Mas su primer y más predominante clamor es '¡Quién me diera el saber dónde hallar a Dios! Yo iría hasta su silla'.
Los hijos de Dios corren a su hogar cuando se aproxima la tormenta. El instinto nacido del cielo de un alma que posee la gracia, es buscar refugio de todos los males bajo las alas de Jehová. 'El que ha hecho de Dios su refugio' podría servir como el distintivo de un verdadero creyente.
Un hipócrita, sin embargo, cuando siente que ha sido afligido por Dios, resiente el castigo, y, como un esclavo, quisiera huir del amo que lo ha flagelado. Pero no sucede así con el verdadero heredero del cielo.
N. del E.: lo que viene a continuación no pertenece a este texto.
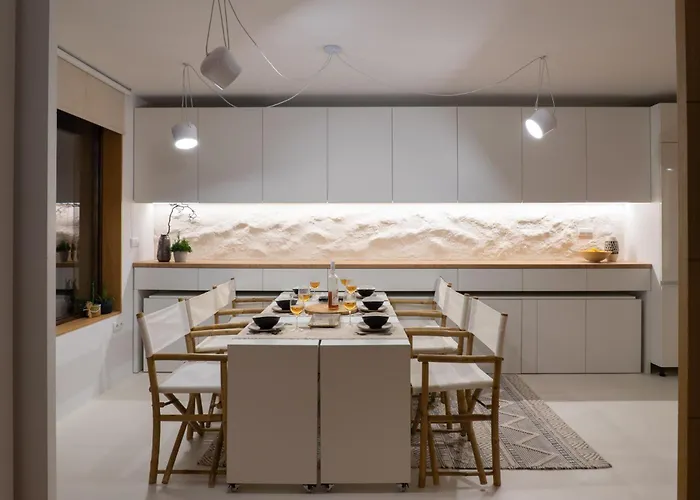 Smartly Designed Flat With Balcony & Parking By Flat Mаnаger *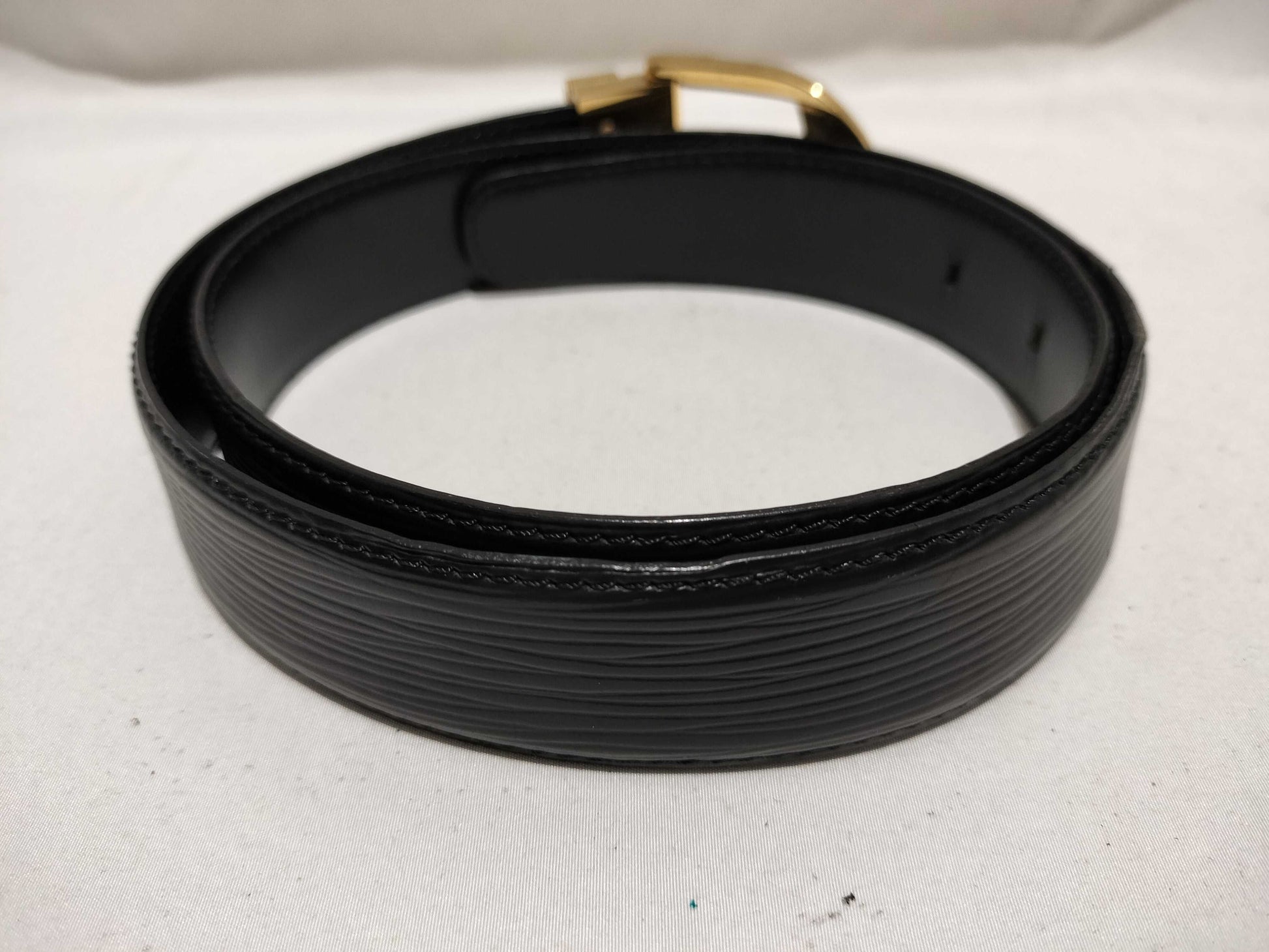 LOUIS VUITTON Epi Santur Black Belt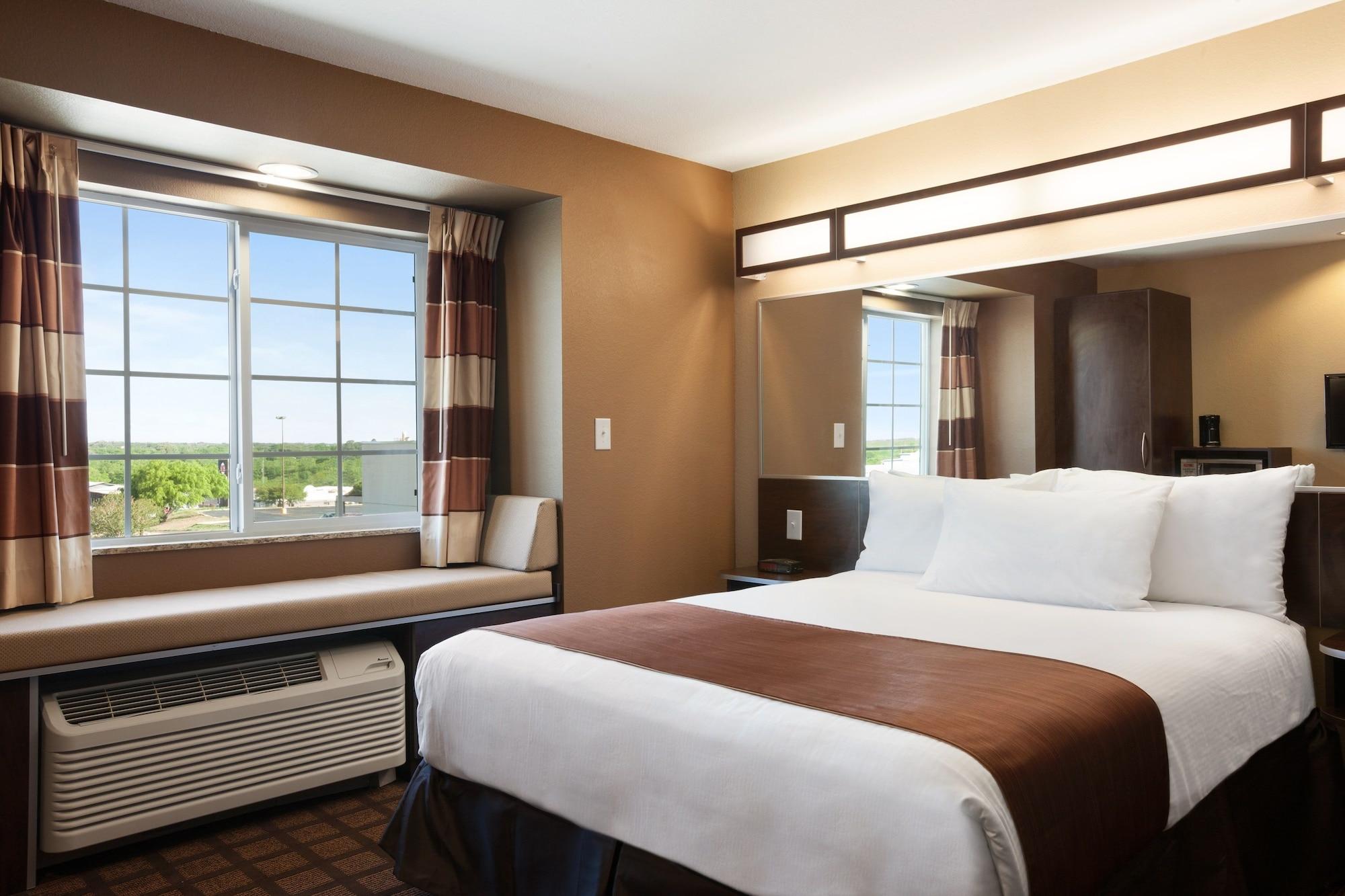 Microtel Inn & Suites By Wyndham Μίντλαντ Εξωτερικό φωτογραφία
Él besa la mano que lo golpeó, y busca protegerse de la vara en el seno de ese mismo Dios que le miró con ceño.
Ustedes podrán observar que el deseo de comunión con Dios se intensifica cuando fracasan todas las otras fuentes de consuelo.
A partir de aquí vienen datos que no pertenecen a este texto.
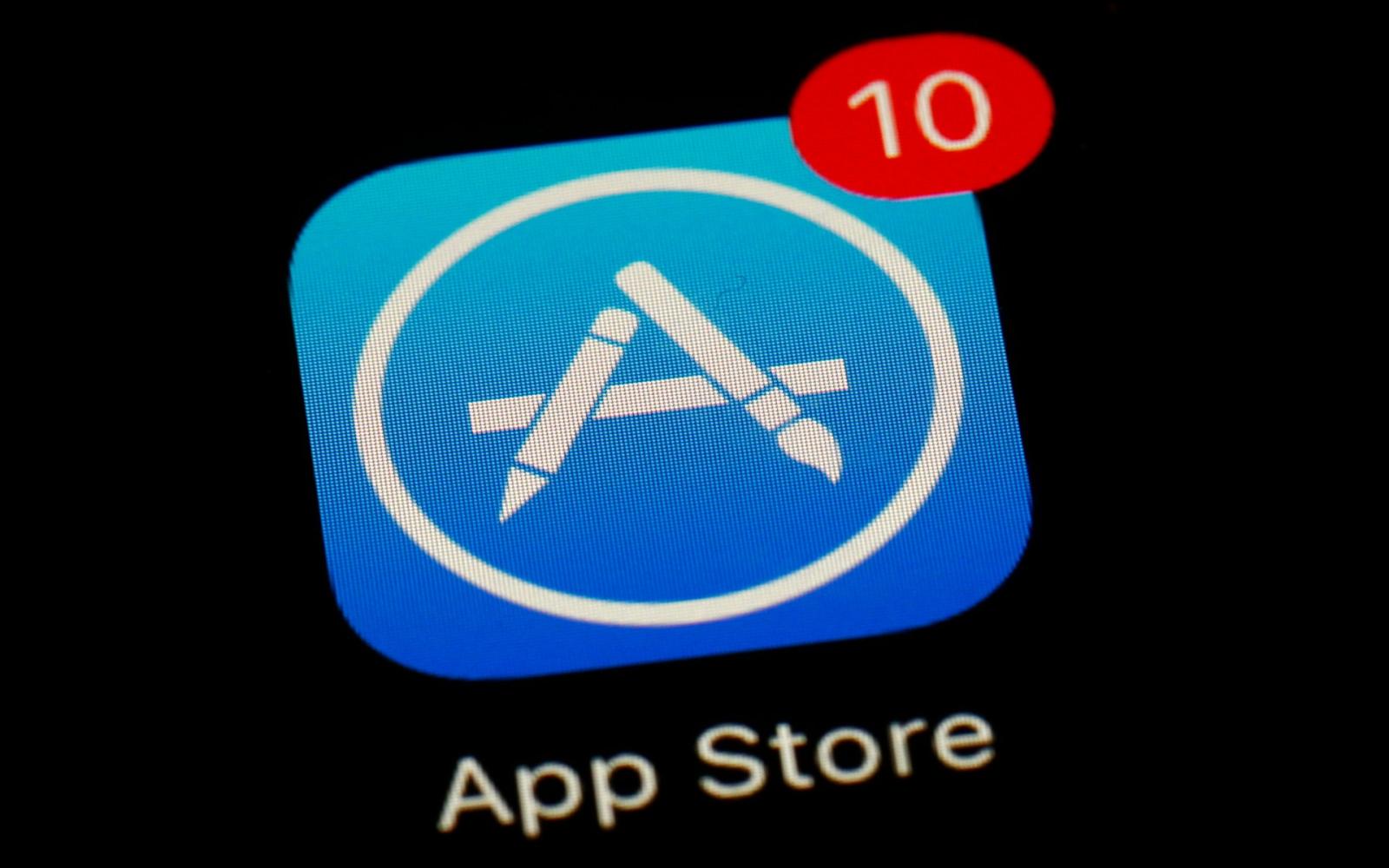 آبل تفعّل نظام التحقق من العمر عالمياً: قيود جديدة على تطبيقات المراهقين والقاصرين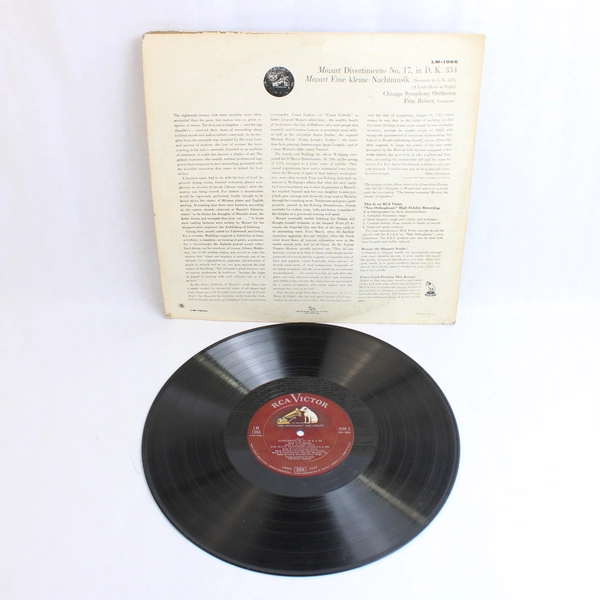 Mozart Divertimento No 17 in D & Eine Kleine Nachtmusik LM-1966 1956 LP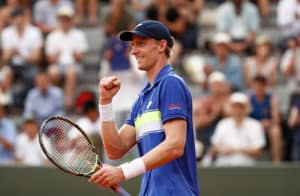 Read more about the article Anderson sweeps past Kyrgios in Paris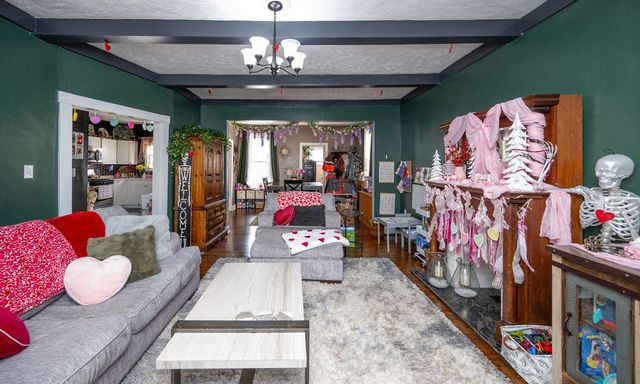 405 Wayne Ave, Ellwood City, PA 16117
Cuando Job vio al principio a sus amigos a la distancia, pudo haber albergado una esperanza de que su amable consuelo y su compasiva ternura mitigarían la agudeza de su dolor; pero al poco tiempo que comenzaron a hablar, Job clamó en amargura: 'Consoladores molestos sois todos vosotros'.
Ellos pusieron sal en sus heridas, y derramaron combustible sobre la llama de su aflicción; agregaron la hiel de sus recriminaciones al ajenjo de sus dolores. Una vez anhelaron bañarse al sol de la radiante sonrisa de Job, y ahora se atrevían a cubrir de sombras su reputación, de manera poco generosa e inmerecida.
El patriarca se apartó de sus apesadumbrados amigos y miró a lo alto, al trono celestial, de la misma manera que el viajero se olvida de su cantimplora y se dirige con premura al pozo. Dice adiós a las esperanzas terrenales y clama: ' ¡Quién me diera el saber dónde hallar a Dios!'.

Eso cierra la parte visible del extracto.